Thompson was the first black head coach to win a major collegiate championship, and coached a variety of future NBA stars, including Patrick Ewing, Alonzo Mourning, Dikembe Mutombo and Allen Iverson. He was part of the development of the Big East into one of college basketball’s elite conferences, developing numerous rivalries along the way, including with Syracuse.
He is famed for stating that “Manley Field house is officially closed” after snapping Syracuse’s 57-game winning streak in the final game played at that arena. Following the news of his passing, numerous tributes poured in, including from Syracuse head coach Jim Boeheim.
“We lost a great basketball coach and a great person with the passing of my friend John Thompson. He was a leader in the game and in life.
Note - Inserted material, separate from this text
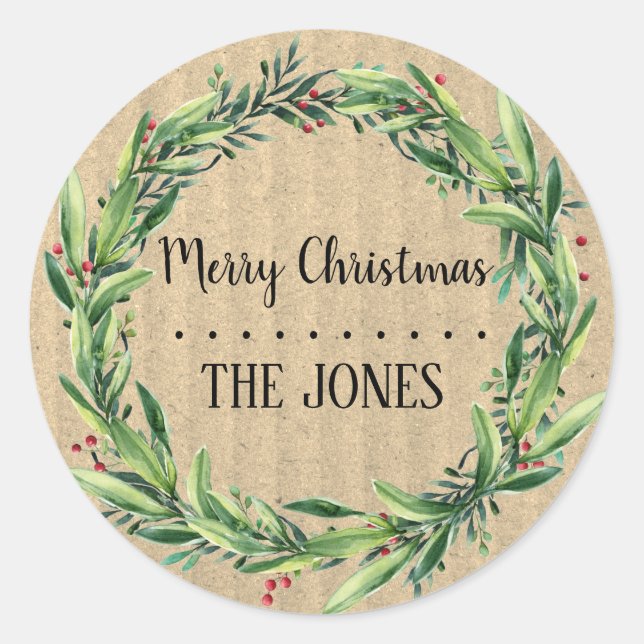 Floral Wreath | Personalised Christmas Classic Round Sticker (Front)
John empowered all coaches but especially Black coaches and Black players,” Boeheim said. “Syracuse and Georgetown was the toughest rivalry for about 10-15 years during the early BIG EAST days. There was nothing quite like it. Many of my fondest coaching memories are from Georgetown games, coaching against John – in the Dome, at Georgetown and at MSG.”
“Juli and I want to express our condolences to John’s family and the Georgetown basketball community. John was one of a kind.”
A near literal giant at 6’10”, John Thompson cast an even longer shadow over the game of basketball. The head coach at Georgetown for 27 seasons, Thompson’s first season was his only losing one as he guided the Hoyas to 596 wins, 20 NCAA Tournament appearances, three Final Fours, and the 1984 national championship.
Noteworthy to the Syracuse fan base as an adversary, Thompson was also an advocate for his players, fighting for fair treatment for them. As Jim Boeheim noted in his remarks after Thompson’s passing, the two fierce competitors evolved into friendly contemporaries as the years passed. That is something that was a shock to fans at the time when the duo shared a laugh over a playful shove in a discussion with an official at the Carrier Dome during the mid-1990’s.
No matter how much Syracuse fans disliked Thompson during his coaching days, it is undeniable the mark he left on the Orange basketball program. No, not the rivalry sparked by a postgame comment, but the way Thompson drove Boeheim to win, subsequently driving SU’s program to even greater heights.